BEGIN Material provided
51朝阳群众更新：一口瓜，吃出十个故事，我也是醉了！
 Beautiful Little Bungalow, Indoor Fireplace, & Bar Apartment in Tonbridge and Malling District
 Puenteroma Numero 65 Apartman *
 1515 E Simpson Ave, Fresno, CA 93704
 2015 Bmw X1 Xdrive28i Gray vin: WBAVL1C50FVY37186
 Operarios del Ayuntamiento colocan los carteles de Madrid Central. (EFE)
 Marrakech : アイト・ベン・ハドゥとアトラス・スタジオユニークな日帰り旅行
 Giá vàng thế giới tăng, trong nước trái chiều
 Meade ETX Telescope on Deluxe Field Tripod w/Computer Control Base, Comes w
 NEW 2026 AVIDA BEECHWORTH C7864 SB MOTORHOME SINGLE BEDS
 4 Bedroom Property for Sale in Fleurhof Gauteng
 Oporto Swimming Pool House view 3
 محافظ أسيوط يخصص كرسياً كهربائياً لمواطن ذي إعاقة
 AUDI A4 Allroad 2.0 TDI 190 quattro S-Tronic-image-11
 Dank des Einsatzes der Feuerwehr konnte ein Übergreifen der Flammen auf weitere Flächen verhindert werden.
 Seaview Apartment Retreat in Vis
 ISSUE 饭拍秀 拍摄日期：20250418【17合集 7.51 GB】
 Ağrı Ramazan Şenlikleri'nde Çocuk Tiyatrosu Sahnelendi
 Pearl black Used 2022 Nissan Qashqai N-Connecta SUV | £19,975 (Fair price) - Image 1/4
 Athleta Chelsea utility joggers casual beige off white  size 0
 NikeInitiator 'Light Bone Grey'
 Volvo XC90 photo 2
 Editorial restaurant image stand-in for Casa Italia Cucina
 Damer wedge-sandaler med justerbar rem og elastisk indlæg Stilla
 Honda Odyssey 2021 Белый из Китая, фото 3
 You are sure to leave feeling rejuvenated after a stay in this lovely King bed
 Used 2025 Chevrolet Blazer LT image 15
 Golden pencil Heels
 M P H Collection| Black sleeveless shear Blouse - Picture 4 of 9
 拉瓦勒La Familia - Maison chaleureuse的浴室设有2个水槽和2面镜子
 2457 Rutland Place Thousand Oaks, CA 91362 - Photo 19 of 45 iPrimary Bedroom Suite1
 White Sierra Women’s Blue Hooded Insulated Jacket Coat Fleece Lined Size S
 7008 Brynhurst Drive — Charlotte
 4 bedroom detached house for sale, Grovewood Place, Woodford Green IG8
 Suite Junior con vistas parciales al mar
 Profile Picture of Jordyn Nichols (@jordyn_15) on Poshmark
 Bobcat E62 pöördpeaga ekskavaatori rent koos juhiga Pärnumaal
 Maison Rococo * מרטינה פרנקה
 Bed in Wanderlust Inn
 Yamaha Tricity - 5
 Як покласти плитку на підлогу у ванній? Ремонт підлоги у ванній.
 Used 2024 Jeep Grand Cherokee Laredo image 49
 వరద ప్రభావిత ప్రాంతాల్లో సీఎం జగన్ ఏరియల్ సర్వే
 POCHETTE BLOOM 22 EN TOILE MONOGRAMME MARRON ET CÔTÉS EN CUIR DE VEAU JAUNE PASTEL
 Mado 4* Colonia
END Material provided
[What to work on]
For this exercise, please retype exactly the lines in the listing from the line with "Honda Odyssey 2021 Белый из Китая, фото 3" through its last line, both ends included.

[Solution to this task]
 Honda Odyssey 2021 Белый из Китая, фото 3
 You are sure to leave feeling rejuvenated after a stay in this lovely King bed
 Used 2025 Chevrolet Blazer LT image 15
 Golden pencil Heels
 M P H Collection| Black sleeveless shear Blouse - Picture 4 of 9
 拉瓦勒La Familia - Maison chaleureuse的浴室设有2个水槽和2面镜子
 2457 Rutland Place Thousand Oaks, CA 91362 - Photo 19 of 45 iPrimary Bedroom Suite1
 White Sierra Women’s Blue Hooded Insulated Jacket Coat Fleece Lined Size S
 7008 Brynhurst Drive — Charlotte
 4 bedroom detached house for sale, Grovewood Place, Woodford Green IG8
 Suite Junior con vistas parciales al mar
 Profile Picture of Jordyn Nichols (@jordyn_15) on Poshmark
 Bobcat E62 pöördpeaga ekskavaatori rent koos juhiga Pärnumaal
 Maison Rococo * מרטינה פרנקה
 Bed in Wanderlust Inn
 Yamaha Tricity - 5
 Як покласти плитку на підлогу у ванній? Ремонт підлоги у ванній.
 Used 2024 Jeep Grand Cherokee Laredo image 49
 వరద ప్రభావిత ప్రాంతాల్లో సీఎం జగన్ ఏరియల్ సర్వే
 POCHETTE BLOOM 22 EN TOILE MONOGRAMME MARRON ET CÔTÉS EN CUIR DE VEAU JAUNE PASTEL
 Mado 4* Colonia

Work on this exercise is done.